The Edmonton foursome will play Sunday's semifinal at the Brier. Bottcher upset upset Northern Ontario's Brad Jacobs 6-5 in an extra end in Saturday's playoff game.
"We just felt like this year we needed to own it the four of us and see where that could take us," Bottcher said.
Defending champion Brad Gushue and Ontario's John Epping squared off in a later playoff Saturday between the top two seeds.
The winner advances to Sunday's championship. The loser needs to beat Alberta to gain a rematch in the final.
Gushue went 10-1 and Epping 9-2 to gain the first and second playoff seeds, followed by Bottcher and Jacobs both at 8-3.
Trailing 5-3 coming home with hammer against Jacobs, Bottcher made a tricky double takeout to score two and send the game into an extra end.
Instead of hitting and giving Jacobs a makeable draw for the win in the extra end, Bottcher tucked a draw behind cover on the back edge of the button.
Jacobs didn't make enough contact with that stone and gave up the steal of one.
"(Bottcher's draw) was a phenomenal shot," Jacobs said. "I didn't think he was making that shot. That was a ridiculously tough shot, and he made it look easy.
"We didn't execute. It's too bad we weren't able to close this one out."
The Jacobs team won Canadian and world titles in 2013 and Olympic gold the following year. Bottcher's current team went 3-8 in their Brier debut last year in St. John's, N.L.
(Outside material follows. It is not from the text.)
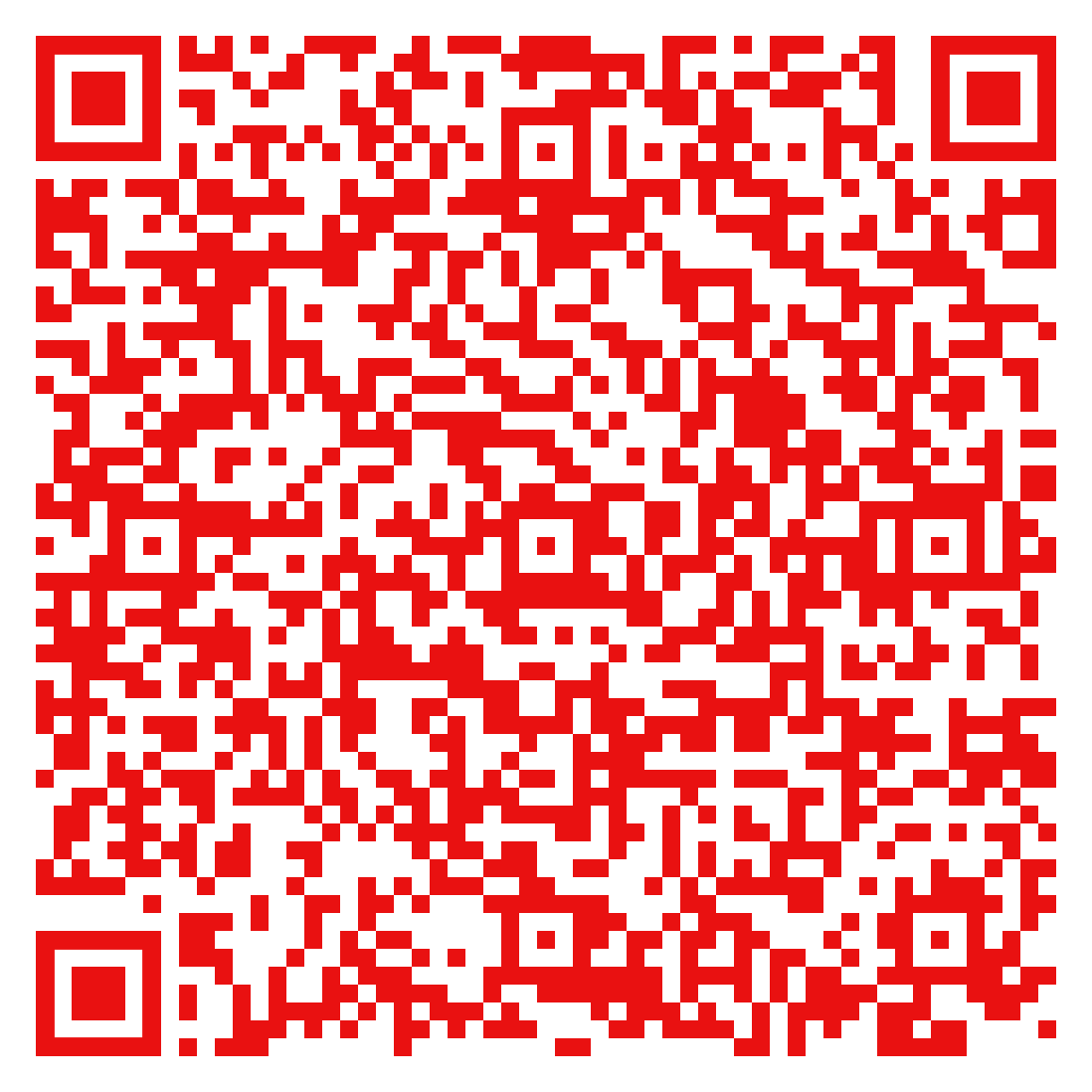 qr-code - 2025-08-27T130408.154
But Alberta won their second game in as many days against one of this year's tournament favourites having beaten Northern Ontario 9-3 the previous day.
"To be the underdogs, no one expects . . . there wouldn't have been a whole lot of teams that would have placed us in the final three," Bottcher said.
"I think we'll be underdogs against the last two and I like our chances still."
Kevin Martin, father of lead Karrick and skip of the team that won Olympic gold in 2010, coached the team last year in St. John's where the team also had an alternate player.
Bottcher, a 26-year-old chemical engineer, wanted to put more responsibility in fewer hands this season.
"We're a pretty tight-knit group," he explained. "There's a lot of teams here at the Brier that all have their own rooms, they have their coach, their alternate, they come play their games and they all go their own way and that's not really our team.
"We're together a lot and we found that when the onus is on us to come here and scout rocks and to do evening practices together, we're just a lot better unit."
Added Moulding: "We all fit in one vehicle which is nice."
Going without a fifth player means no replacement player in the event of illness or injury. Northern Ontario lead Ryan Harnden was back in their lineup Saturday after missing two games Friday with the flu.
"It was a little bit of a risk, but it was a risk we were willing to take," Moulding said. "We took the gamble we would all be healthy and we have been."